# Green slime algae



## 229oz (Oct 3, 2005)

Hey folks.
I am battling green slime algae. It coats all my gravel and some plants every few days before a 25% water change gets it back in check. I have non existent Nitrate and a 2 phosphate (or is it .2?-third lowest reading). 
I have heard about the relationship between phosphate and Nitrate (10 nitrate for every 1 phosphate?) 
Is this proportion correct? Will getting this proportion in line cure the algae problem?
I am dosing two capfuls of flourish Nitrogen twice weekly, but the water parameters seem to stay the same. Any advice?


----------



## 229oz (Oct 3, 2005)

*Addition to posting*

I forgot to mention in my last post that I am running 190 watts of light, mechanically pumping .5 bps (I had Discus breathing trouble with more CO2) and have a lightly planted tank, as I just broke it down and restarted with 50% old and 50% new plants.


----------



## JeremyChase (May 23, 2006)

Hello.. 

You say Green Slime Algae; do you think this is BGA? (Blue-Green Algae)

I'm a newb..


----------



## mrbelvedere (Nov 15, 2005)

You have BGA because you have no nitrates. 

Start a good fertilizing regime.
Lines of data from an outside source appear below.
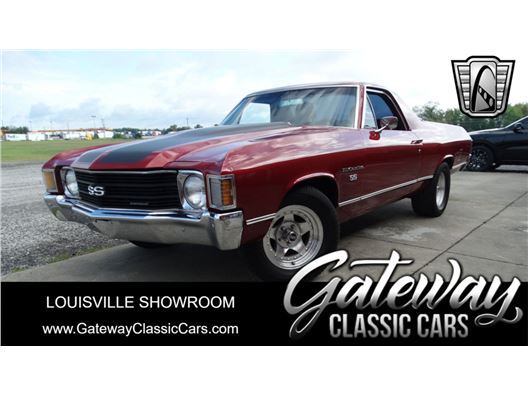 1972 Chevrolet El Camino for sale in Memphis, Indiana 47143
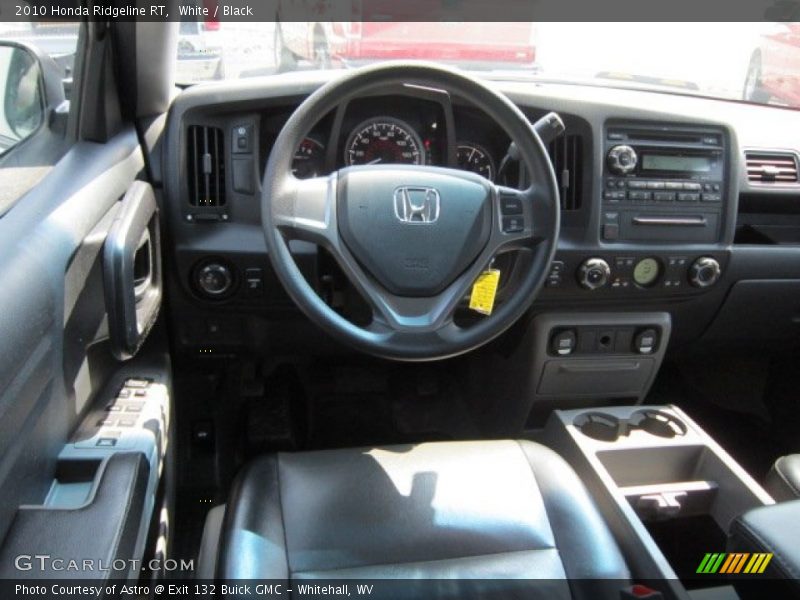 White / Black 2010 Honda Ridgeline RT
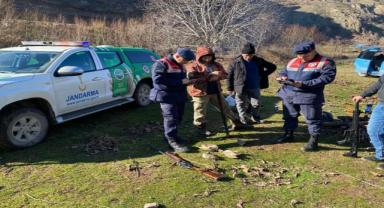 Kaçak avcılara geçit yok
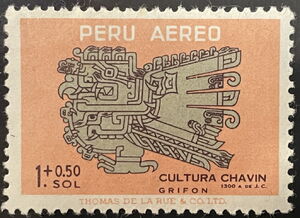 Mythological Bird of Prey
I suggest EI in a discus tank because you should be doing lots of water changes anyway. 

www.gregwatson.com

DGSS (hydroponic store)

Garden supply center

These places will have your ferts.


----------



## JeremyChase (May 23, 2006)

mrbelvedere said:


> You have BGA because you have no nitrates.
> 
> Start a good fertilizing regime. I suggest EI in a discus tank because you should be doing lots of water changes anyway.
> 
> ...


Interesting. If you have BGA due to lack of nitrates; then start dosing NPK correctly, will the BGA go away on its own or will you have to do a blackout?

-Jeremy


----------



## Wasserpest (Jun 12, 2003)

IME it doesn't disappear from adding NO3. You'd have to do something else to kill it, then NO3 and good circulation will keep it at bay.


----------



## JeremyChase (May 23, 2006)

Wasserpest said:


> IME it doesn't disappear from adding NO3. You'd have to do something else to kill it, then NO3 and good circulation will keep it at bay.
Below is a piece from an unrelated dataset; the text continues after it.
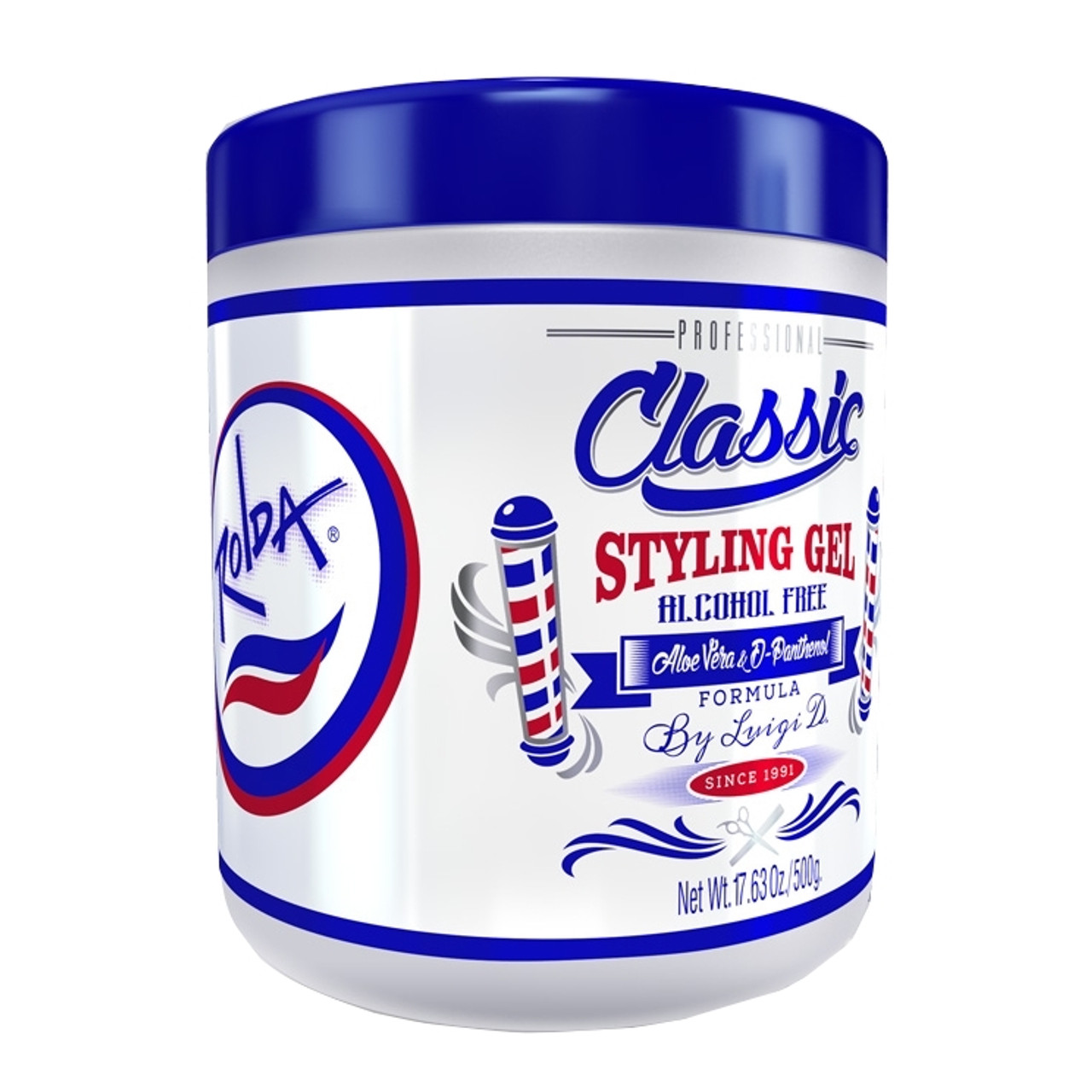 Rolda Classic Styling Gel 17oz Barber Salon Supply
That makes sense... My ferts and new canister filter are in the mail, so to speak.. A blackout will follow as soon as I'm confident in the canister filters function..

-Jeremy


----------



## mrbelvedere (Nov 15, 2005)

Good. You seem to be correcting the problem. Erythromycin phosphate will also kill BGA. 
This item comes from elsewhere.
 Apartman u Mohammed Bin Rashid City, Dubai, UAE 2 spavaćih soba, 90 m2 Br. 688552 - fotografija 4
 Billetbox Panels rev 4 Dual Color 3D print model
What canister are you using?


----------



## JeremyChase (May 23, 2006)

mrbelvedere said:


> Good. You seem to be correcting the problem. Erythromycin phosphate will also kill BGA.
> 
> What canister are you using?


My 10 gallon is getting a Zoo Med 501... Right now it just has a sponge filter powered by an air pump; not much circulation in the tank at the moment


----------



## Hoppy (Dec 24, 2005)

I use just a sponge filter, but powered by a powerhead, not an air pump. And, I am completely satisfied with it for both filtration and water circulation. What size tank do you have? A big tank probably needs the cannister filter, but not 30 gallon and under.


----------



## 229oz (Oct 3, 2005)

*Bga*

So for Blue green algae, dose nitrates (which is the right chemical from Greg Watson?) and do a blackout for how many days? What level should I shoot for with the NO3 when I test?
Thanks.


----------



## JeremyChase (May 23, 2006)

229oz said:


> So for Blue green algae, dose nitrates (which is the right chemical from Greg Watson?) and do a blackout for how many days? What level should I shoot for with the NO3 when I test?
> Thanks.


Hello..

I just got the ferts from Greg Watson.. I got the KNO3, KH2PO4, and K2SO4.. The Nitrates will come from KNO3, and from what I've read the KNO3 is the most important. However, the other two total about $4 together! My shopping kart from them was $7, with $10 shipping! 

From what I understand you want to black the tank out for three days, which means 72 hours to me. That means no light, sides covered, etc.. 

According to Reg Grigg's site you want "Nitrates 10-20ppm", according to the Barr Report it is "NO3 range 5-30ppm"

References: 

http://www.rexgrigg.com/ferts.htm
http://www.barrreport.com/forums/showthread.php?t=1


----------



## JeremyChase (May 23, 2006)

Hoppy said:


> I use just a sponge filter, but powered by a powerhead, not an air pump. And, I am completely satisfied with it for both filtration and water circulation. What size tank do you have? A big tank probably needs the cannister filter, but not 30 gallon and under.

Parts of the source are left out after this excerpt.